Há uma história (ou artigo) dentro da “Crônica francesa” dedicado à gastronomia. (Foto: Divulgação)

Nesta edição

Como se fosse um exemplar de “French Dispatch”, “A crônica francesa” tem uma introdução, três artigos e um obituário.

A introdução apresenta Ennui-sur-Blasé, ou “Tédio-sobre-Indiferença”. Indiferença, nesse caso, é também o rio que atravessa a cidade fictícia que abriga a redação da revista editada pelo jornal “Kansas Evening Sun”. Nessa apresentação, o jornalista Herbsaint Sazerac (Owen Wilson) descreve o local a partir do submundo, prestando atenção nos marginalizados e nos detalhes sórdidos que ninguém mais se dá o trabalho de ir atrás – como o número de corpos retirados do rio a cada mês.

É possível traçar um paralelo de quase todos os personagens principais do filme com figuras que existiram de fato, todas listadas no fim do filme (aí, de fato, Anderson faz uma homenagem aos jornalistas que o inspiraram).

Por exemplo, o interesse de Sazerac pela parte menos afortunada da sociedade tem a ver com a obra de Joseph Mitchell (1908–1996), que praticou jornalismo literário décadas antes da modalidade ganhar esse nome e se tornou um dos monstros da revista “New Yorker”.

Em seguida, no filme, os três artigos falam, de maneira geral, sobre arte, política e gastronomia. Desses, o melhor é o terceiro, em que o escritor Roebuck Wright (numa interpretação incrível de Jeffrey Wright) vai até a cadeia da cidade para conhecer o famoso chef Nescaffier (Steve Park), que cozinha para o comissário de polícia.

Roebuck é, mal disfarçadamente, o escritor James Baldwin (1924–1987), o romancista de “Notas de um filho nativo”. Mesmo a melodia na fala de Roebuck lembra a de Baldwin – como aparece no documentário “Eu não sou seu negro”.

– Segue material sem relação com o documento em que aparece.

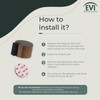 EVI Door Stoppers | Leather Brass Door Stop - Adhesive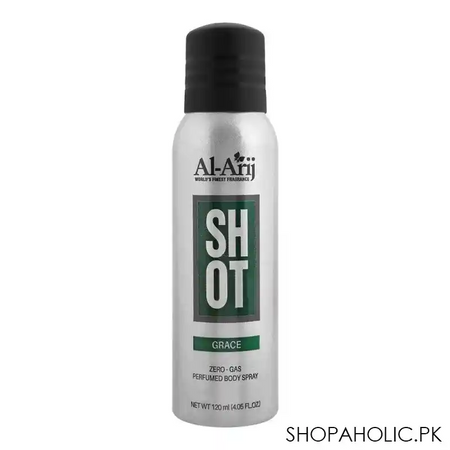 al arij shot grace zero gas perfumed body spray, 120ml main image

Bill Murray (à dir.) interpreta o editor Arthur Howitzer Jr., inspirado em Harold Ross, o fundador da  “New Yorker”. (Foto: Divulgação)

Morte

Por fim, há o obituário de Arthur Howitzer Jr., o editor da “French Dispatch” interpretado por Bill Murray e mais ou menos inspirado em Harold Ross (1892–1951), o fundador da “New Yorker”. Howitzer Jr. deixou uma série de instruções para que, com sua morte, a publicação fosse encerrada e os colaboradores e assinantes, indenizados. Assim, o fim do editor seria também o fim digno da revista. É um desfecho lindo porque, no jornalismo, fins dignos não acontecem com frequência.

Onde assistir

O Star+ exibe “A crônica francesa” e outros sete filmes de Wes Anderson.